Tuesday, February 18, 2020

The Rhythm Section

Lost and alone overwhelmed by grief, a former A-list student struggles aimlessly to get by, no will, no drive, no purpose, no quarter, moribundly drifting through the years, until a Samaritan arrives.

He's familiar with her case and seeks to facilitate just closure, and at least has the means at his disposal to provide temporary soulful relief.

Coordinates and probabilities, nothing definitive, eager to learn, never having accepted the official account explaining what caused a fatal accident.

Soon her leads dry up though and she's back on the road researching further, eventually finding an ex-secret service agent, who still takes the time to work in the field.

He agrees to train her resolutely, her resolve quickly becoming an obsession, replete with fierce wherewithal, months later she's determined and ready.

She embarks naive yet feisty and soon takes on her first assignment.

Aware of possible limitations.

Seeking the truth regardless.

The Rhythm Section's quite primal, instinctual, reactive, brazen, there's little argument or variability, just raw unyielding focus.

It pulls you in with blunt alarm and keeps things rough and menaced, crazed and stressed, with striking backbeat discipline, it tenaciously accentuates.

But without the variability its plot's somewhat too thin, too reliant on what takes place considering not much happens.

When you see The Empire Strikes Back as a child you don't think that Luke is only trained by Yoda for a couple of days (is it even that long?) before he faces Vader.

But later you discover the Jedi were once educated from a very young age, for decades under the tutelage of masters, which would make Luke's emergence as a Jedi seem slightly absurd if he hadn't learned his profession under epic duress.

It's similar in The Rhythm Section inasmuch as there's too much improbability.
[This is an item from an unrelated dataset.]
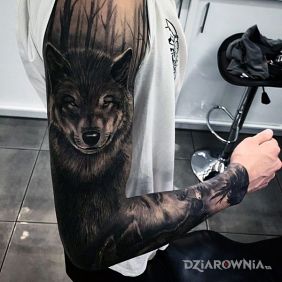 Tatuaż Rękaw z wilkiem i lasem na ramieniu motyw: rękawy styl: realistyczne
It's a serious film so you're meant to take it seriously and the action's direct and grave so it doesn't promote generic misunderstanding.

At least for me.

I don't mean it would have been more probable if the lead had been a man. It just seems like anyone coming out of circumstances comparable to those The Rhythm Section's heroine finds herself within at the beginning, would have had quite the time suddenly transforming into an elite counterterrorist.

But whereas some films improve as you think about them after they've finished, The Rhythm Section seems more and more implausible, not that something similar couldn't have indeed taken place, but the odds of it actually happening are beyond me reasonable thresholds.

Of course good cinema excels as it takes you beyond such thresholds to present something different from typical life, but if it's meant to be persuasive, and goes out of its way to be grim and realistic, it becomes more difficult not to apply logic, the application of which doesn't aid The Rhythm Section (she fights someone who's breathing from a respirator?).

More characters and a more intricate script and it may have been more believable.

The novel's likely more gripping.

Others likely found it more appealing.

It's always a good idea to forge your own opinion.